Erstellt am: 14. 1. 2015 - 15:22 Uhr
Die Welt ist kleiner geworden
Wir reden und reden. Und in unseren Gesprächen reisen wir von Paris nach Wien, dann nach Bulgarien und dann wieder nach Paris. Die Welt ist kleiner geworden.
CC-BY-SA-2.0 - fsse8info / flickr.com
Neulich wurde von bulgarischen Spezialeinheiten der Polizei eine "Zelle" der IS in einer Romasiedlung in der südbulgarischen Stadt Pazardjik ausgeforscht.
In Bulgarien leben Roma außerhalb der Gesellschaft. Viele gehen gar nicht zur Schule. Ganze Generationen werden Analphabeten, sie haben keine großen Perspektiven für ihr künftiges Leben.
Ich hatte mal einen Bekannten, ein evangelischer Pfarrer, der in den Roma-Communities tätig war. Er meinte, er habe nie so viel ehrlichen Glauben wie dort gesehen. Ich habe mal seine bis zum letzten Platz gefüllte Kirche besucht. Die Menschen schenkten Gott ergeben ihre Seelen. Alle sangen aus vollem Halse.
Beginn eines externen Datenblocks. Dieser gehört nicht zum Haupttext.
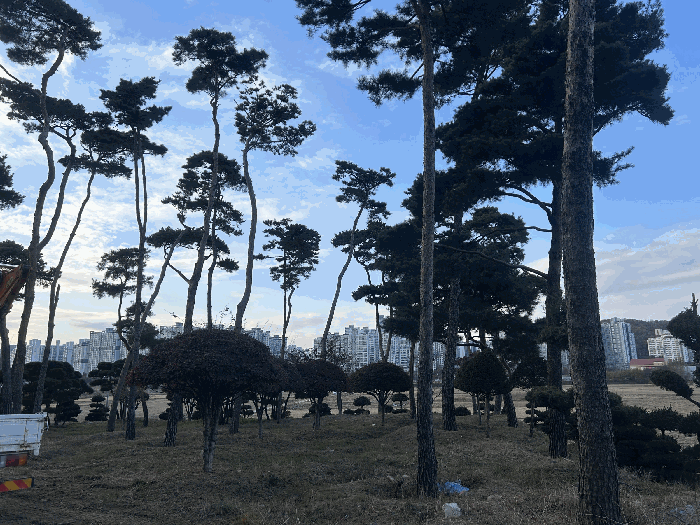 수목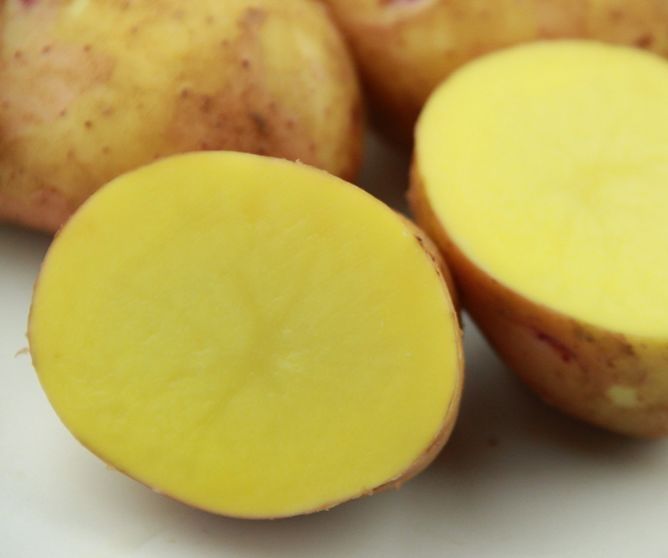 老农告诉你，黄土豆、白土豆的营养、口感区别大，买错了不好吃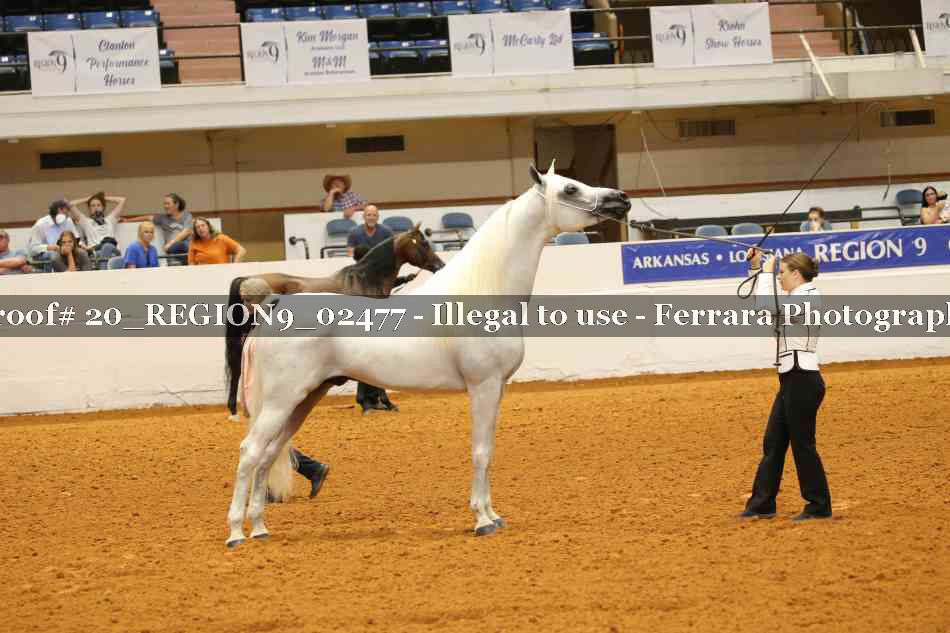 Proof 20_REGION9_02477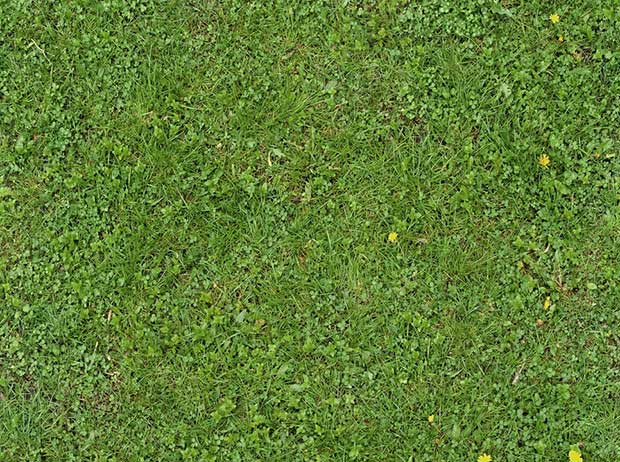 seamless-green-grass-texture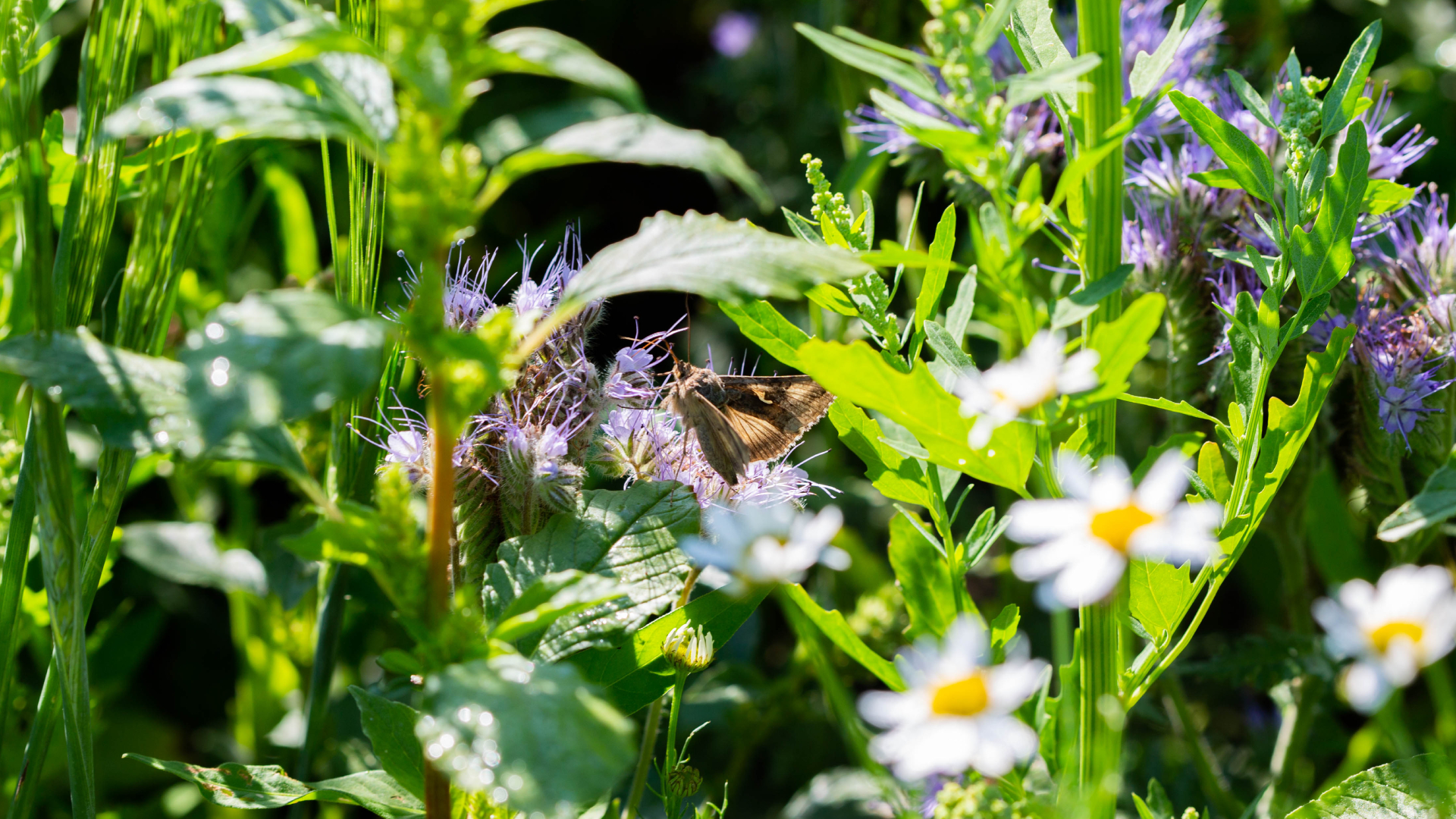 GNT flower field with butterfly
In seinen Predigten erzählte mein Bekannter über die Schädlichkeit von Drogen, über Liebe und Verzicht von Gewalt. Und tatsächlich war in diesem Roma-Viertel, wo die Kirche stand, die Kriminalität niedriger und die Häuser der Bewohner sahen besser aus.
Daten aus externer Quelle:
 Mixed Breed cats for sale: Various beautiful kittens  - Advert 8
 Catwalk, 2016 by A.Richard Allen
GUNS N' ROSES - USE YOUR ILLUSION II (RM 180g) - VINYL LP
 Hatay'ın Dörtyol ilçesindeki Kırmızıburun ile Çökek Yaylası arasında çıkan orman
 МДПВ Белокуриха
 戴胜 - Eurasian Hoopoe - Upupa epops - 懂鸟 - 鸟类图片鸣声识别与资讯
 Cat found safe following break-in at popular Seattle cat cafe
Ich fragte ihn, ob die Roma wegen der Almosen zur Kirche kommen. Tatsächlich, sagte er, gebe es einige, die wegen einer Flasche Sonnenblumenöl oder einer Packung Zucker kommen, die die evangelische Kirche verteilt. Aber die meisten würden in die Kirche gehen, weil sie tatsächlich Glauben brauchen.
Die evangelischen Pfarrer kamen schon vor Jahren nach Bulgarien und zogen sich dann langsam wieder zurück. Man sagt, sie haben kein Geld mehr um Roma zu missionieren. Und die Roma gaben den evangelischen Glauben auf. Da sie aber Gott so dringend brauchen, und die bulgarische orthodoxe Kirche sich nicht um sie kümmert, wurden sie Muslime.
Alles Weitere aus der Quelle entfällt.